Ultimately all this only applies to the CPU and closely associated units (arithmetic and address extension). Moving out to peripheral hardware, the interface to the CPU may be the only part that could be implemented from original schematics. After all, where the magnetic tape drive interface in the original was controlling the actual tape hardware the equivalent in the replica project would be accessing emulated tape storage.
This finally concludes the overview of my project. Its development hasn’t advanced as much as I expected around this time last year since I ended up putting the project aside for a long while. After returning to it, running the MAINDEC test programs revealed a bunch of stuff I forgot to implement or implemented wrong which I had to fix. The optional Extended Arithmetic Element isn’t implemented yet, the Memory Extension & Time Share is now complete pending test failures I need to debug. It is now reaching a state where I consider the design getting ready to be published.
- There are also test programs that exercise and check every single logic gate to help pinpoint a problem. Naturally they are also extremely helpful with verifying that a replica is in fact working exactly like the real thing. [return]
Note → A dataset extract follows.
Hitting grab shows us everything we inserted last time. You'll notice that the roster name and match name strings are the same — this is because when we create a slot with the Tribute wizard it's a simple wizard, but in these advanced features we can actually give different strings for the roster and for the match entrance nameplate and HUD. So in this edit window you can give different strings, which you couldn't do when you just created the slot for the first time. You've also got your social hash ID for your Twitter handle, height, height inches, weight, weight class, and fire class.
- Thus 50 ns, one cycle of the 20 MHz clock, is the granularity at which these signals are created. The timing pulses, for example, are 100 ns long. [return]
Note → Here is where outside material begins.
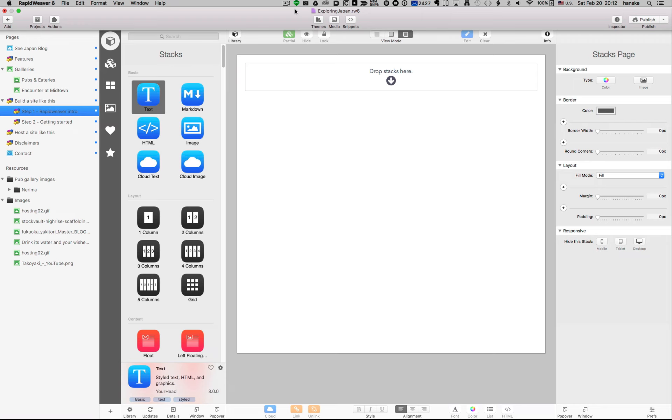Hello, my name is Hans Karlsson and I'm going to do a little demonstration of how I'm building this site in RapidWeaver, which is an application for the Mac.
- This is simply implemented by presenting them their own output by a feedback path when enable is false so that they reload their existing value on the clock edge. [return]
- In fact I would be limited by the speed of the external SRAM I use and its 6 bit wide data connection, requiring two cycles for a 12 bit access. [return]
- The IO pins that interface to the outside world generally have the capability to switch disconnection at run time, allowing open collector and similar signaling. [return]
- Besides the memory and expansion bus, the 8/e CPU also has a special interface to attach the Extended Arithmetic Element. [return]